◆ **What you need to do**
An exact copy is the goal: every line from the one containing "this 350×262 image." to the end of the material below, pictures excluded.

Dataset excerpts START

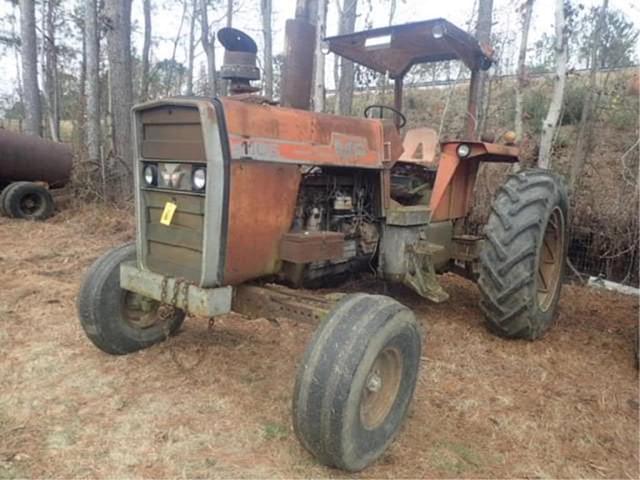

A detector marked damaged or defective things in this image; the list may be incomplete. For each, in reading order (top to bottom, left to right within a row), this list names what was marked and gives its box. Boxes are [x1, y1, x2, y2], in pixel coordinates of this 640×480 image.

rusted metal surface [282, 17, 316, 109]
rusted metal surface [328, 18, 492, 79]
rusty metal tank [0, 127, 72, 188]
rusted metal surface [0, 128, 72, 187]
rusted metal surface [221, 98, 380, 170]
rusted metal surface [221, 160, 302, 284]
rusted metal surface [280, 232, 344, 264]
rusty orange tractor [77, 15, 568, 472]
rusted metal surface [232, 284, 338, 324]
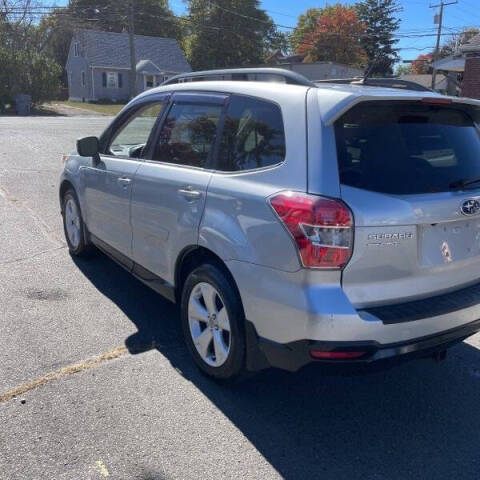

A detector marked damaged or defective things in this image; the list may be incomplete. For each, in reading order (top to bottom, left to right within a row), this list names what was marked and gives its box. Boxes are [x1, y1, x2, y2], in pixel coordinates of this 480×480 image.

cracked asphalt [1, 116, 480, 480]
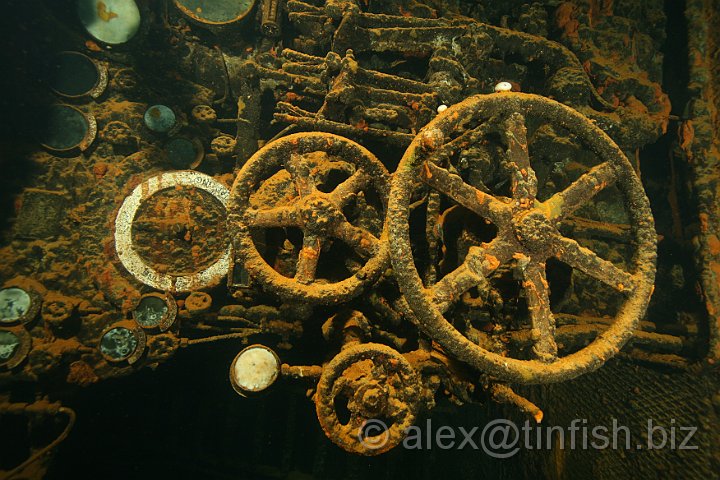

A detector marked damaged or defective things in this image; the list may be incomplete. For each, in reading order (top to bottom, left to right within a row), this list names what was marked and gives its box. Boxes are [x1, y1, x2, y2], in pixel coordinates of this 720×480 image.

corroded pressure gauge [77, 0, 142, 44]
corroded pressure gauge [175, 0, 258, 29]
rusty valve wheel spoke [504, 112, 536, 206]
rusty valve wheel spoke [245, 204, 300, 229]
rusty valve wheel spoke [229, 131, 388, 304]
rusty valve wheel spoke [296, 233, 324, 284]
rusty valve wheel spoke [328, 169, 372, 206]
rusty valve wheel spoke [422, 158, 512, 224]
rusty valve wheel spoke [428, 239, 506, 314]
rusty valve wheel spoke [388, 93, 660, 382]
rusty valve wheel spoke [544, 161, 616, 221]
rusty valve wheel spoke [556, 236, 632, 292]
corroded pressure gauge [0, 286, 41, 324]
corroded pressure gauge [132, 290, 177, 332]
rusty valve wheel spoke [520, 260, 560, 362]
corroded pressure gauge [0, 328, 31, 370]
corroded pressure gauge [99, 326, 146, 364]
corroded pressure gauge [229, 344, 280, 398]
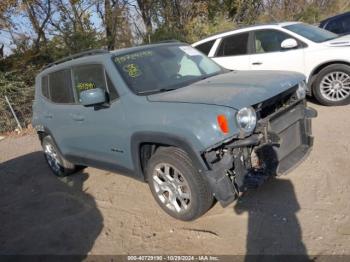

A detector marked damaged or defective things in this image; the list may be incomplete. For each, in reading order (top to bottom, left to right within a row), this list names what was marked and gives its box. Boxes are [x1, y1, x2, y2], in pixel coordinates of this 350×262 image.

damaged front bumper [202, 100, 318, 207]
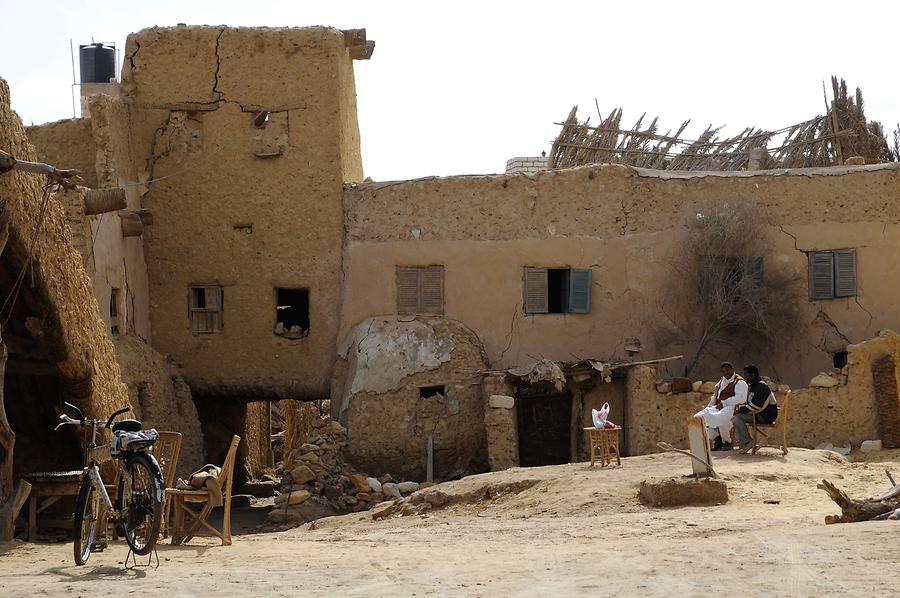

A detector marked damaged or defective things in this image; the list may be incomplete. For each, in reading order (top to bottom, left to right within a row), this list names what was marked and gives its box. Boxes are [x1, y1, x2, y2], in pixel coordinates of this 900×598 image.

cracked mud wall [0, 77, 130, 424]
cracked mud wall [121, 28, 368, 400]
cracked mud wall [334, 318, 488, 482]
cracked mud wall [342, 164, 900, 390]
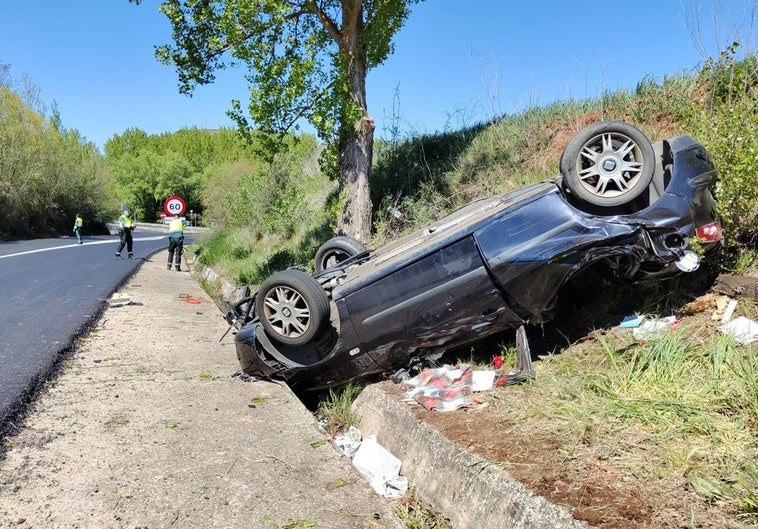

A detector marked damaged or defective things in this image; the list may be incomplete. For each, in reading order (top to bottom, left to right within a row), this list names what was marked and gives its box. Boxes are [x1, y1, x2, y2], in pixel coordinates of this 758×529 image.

Dataset excerpts END

◆ **Solved exercise**
A detector marked damaged or defective things in this image; the list may be incomplete. For each, in reading order (top to bottom, left to right within a row), this list names what was marked and gives its box. Boxes are [x1, y1, x2, y2], in pixel coordinates of this 350×262 image.

damaged front bumper [202, 100, 318, 207]

A detector marked damaged or defective things in this image; the list may be incomplete. For each, in reading order (top to bottom, left to right within a row), this list names what was marked and gives its box. Boxes are [x1, y1, x2, y2], in pixel coordinates of this 900×598 image.

cracked mud wall [0, 77, 130, 424]
cracked mud wall [121, 28, 368, 400]
cracked mud wall [334, 318, 488, 482]
cracked mud wall [342, 164, 900, 390]

A detector marked damaged or defective things in this image; the list may be incomplete. For each, in reading order (top to bottom, left to right within a row), this list names what was marked and gives its box. Boxes are [x1, y1, x2, y2], in pixel coordinates of this 758×529 image.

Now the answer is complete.